▶ _Task input_

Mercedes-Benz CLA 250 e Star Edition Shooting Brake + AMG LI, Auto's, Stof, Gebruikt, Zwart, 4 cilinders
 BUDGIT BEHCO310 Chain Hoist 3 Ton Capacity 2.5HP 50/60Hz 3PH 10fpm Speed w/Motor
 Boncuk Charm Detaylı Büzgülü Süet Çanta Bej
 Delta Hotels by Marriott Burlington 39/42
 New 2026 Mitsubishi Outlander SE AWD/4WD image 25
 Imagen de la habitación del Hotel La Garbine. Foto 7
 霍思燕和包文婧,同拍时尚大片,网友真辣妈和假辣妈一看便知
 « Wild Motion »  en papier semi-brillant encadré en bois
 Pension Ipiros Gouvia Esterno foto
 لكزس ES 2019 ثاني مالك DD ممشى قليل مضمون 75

▶ _What you are asked to do_
Take the lines above and retype all of them exactly.

▶ _Task response_
Mercedes-Benz CLA 250 e Star Edition Shooting Brake + AMG LI, Auto's, Stof, Gebruikt, Zwart, 4 cilinders
 BUDGIT BEHCO310 Chain Hoist 3 Ton Capacity 2.5HP 50/60Hz 3PH 10fpm Speed w/Motor
 Boncuk Charm Detaylı Büzgülü Süet Çanta Bej
 Delta Hotels by Marriott Burlington 39/42
 New 2026 Mitsubishi Outlander SE AWD/4WD image 25
 Imagen de la habitación del Hotel La Garbine. Foto 7
 霍思燕和包文婧,同拍时尚大片,网友真辣妈和假辣妈一看便知
 « Wild Motion »  en papier semi-brillant encadré en bois
 Pension Ipiros Gouvia Esterno foto
 لكزس ES 2019 ثاني مالك DD ممشى قليل مضمون 75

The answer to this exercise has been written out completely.